_Your objective_. Could you repeat every line below exactly, skipping the images?

_Data block_.
++++++++++++++++++++

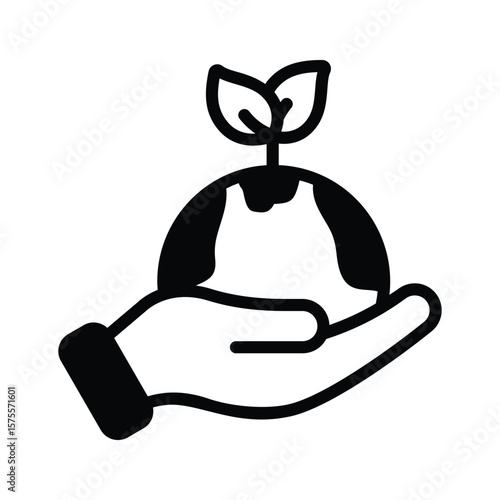 Hand with earth and leaves denoting environmental care concept, glyph icon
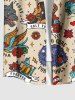 Chemise Rétro Grande Taille Imprimé Croix Floral et Crâne Style Ornée de Poche pour Homme - café lumière M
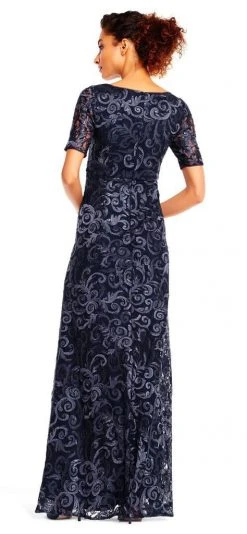 Adrianna Papell - Sequin Lace Embroidered Swirl Mesh Dress AP1E201418 - 1 Pc Midnight In Size 10 Available Formal Gowns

++++++++++++++++++++

_Expected answer_.
 Hand with earth and leaves denoting environmental care concept, glyph icon
 Chemise Rétro Grande Taille Imprimé Croix Floral et Crâne Style Ornée de Poche pour Homme - café lumière M
 Adrianna Papell - Sequin Lace Embroidered Swirl Mesh Dress AP1E201418 - 1 Pc Midnight In Size 10 Available Formal Gowns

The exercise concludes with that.